Accessory apartments cause little concern when they are in commercial zones, and only modest concern when they are a long-established presence in a neighborhood. If they are small enough and not routinely rented out, neighbors may not even be aware of their existence.

In many classic urban areas housing types were widely mixed, rather than the homogeneous single-family neighborhoods that have become dominant in the past several decades. There is a trend today toward reintroducing a wider variety of housing types to accommodate the variety of types and sizes of households in our communities, including elderly people living alone, starter apartments for the young, and small apartments for single working people. Our task here is to differentiate between a "desirable mix of housing types" and "undesirable intrusions into settled neighborhoods," and to avoid further crowding in your already-congested community.

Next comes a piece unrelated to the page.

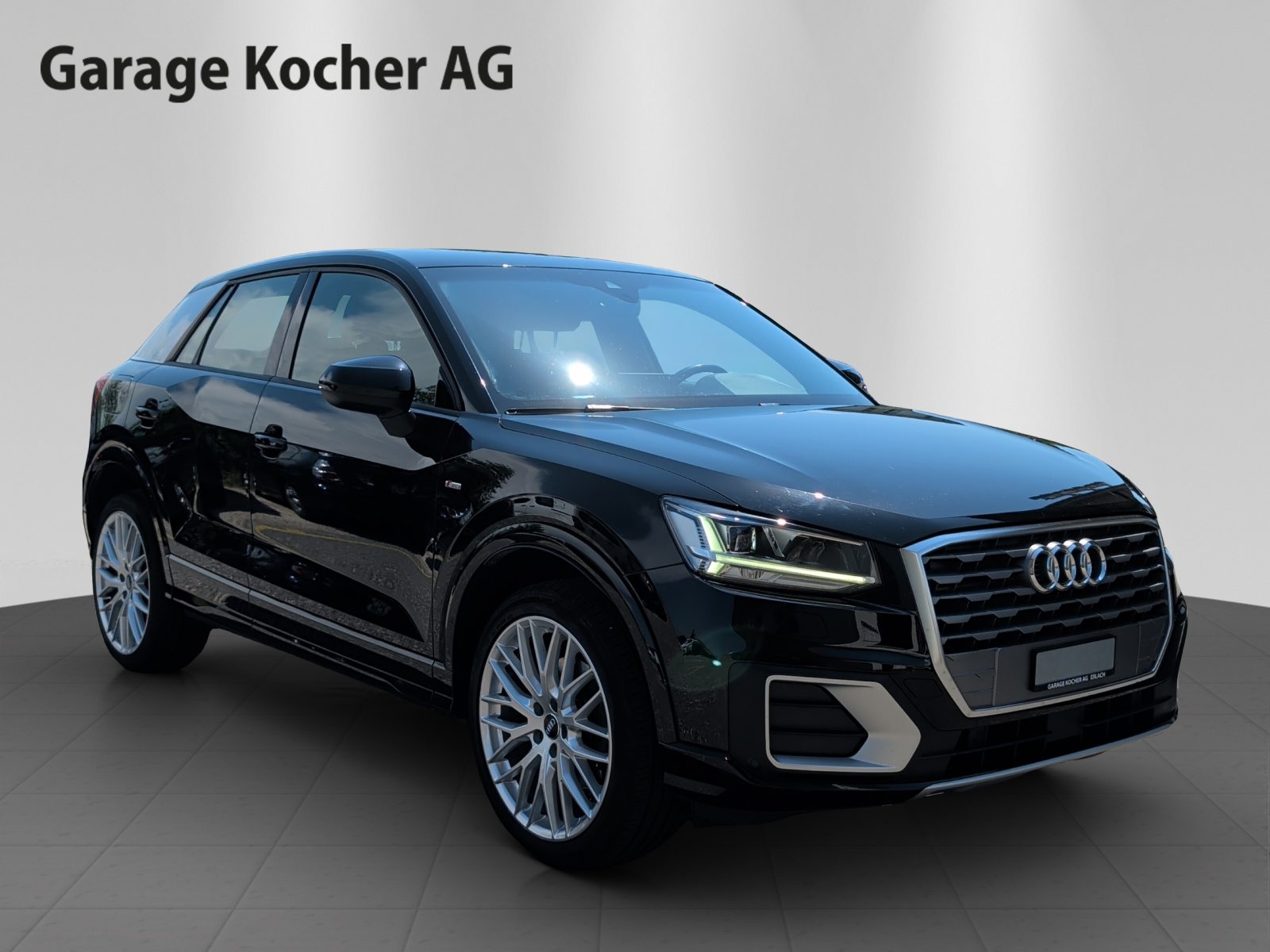 AUDI Q2 35 TFSI sport, Petrol, Second hand / Used, Automatic - 7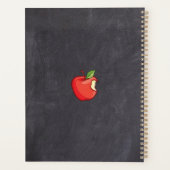 先生/教育者レッスン プランナー手帳 (裏面)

This task will be one of the hardest to face in your new comprehensive plan. The rules on apartments changed drastically with the advent of zoning in 1962, and then again in 1984 when the floodplain regulations and the Lee County Comprehensive Plan both took effect. These various rules have been only loosely enforced, almost always on a complaint-driven basis (which often occurs as retaliation for unrelated neighborhood disputes). The result is the worst of all worlds: complex rules that are unevenly enforced. Many residents hesitate to encourage strict enforcement under these circumstances because it could ultimately affect so many of their neighbors and friends in ways that aren't at all clear.

This task is a political challenge as well as a technical one. Among the competing political interests are:

For its part, the town government will inevitably want its rules obeyed, but it isn't yet clear what those rules should be.



We can summarize our goals in a broad sense by recognizing that, in recent years, some of the rules may have been too strict, but often those same rules have been leniently applied and enforced. What is needed is not just tightening up the rules, or just softening them, but rather clarifying the rules for all future construction in a way that makes sense specifically for FMB. Then the new rules can be enforced evenly.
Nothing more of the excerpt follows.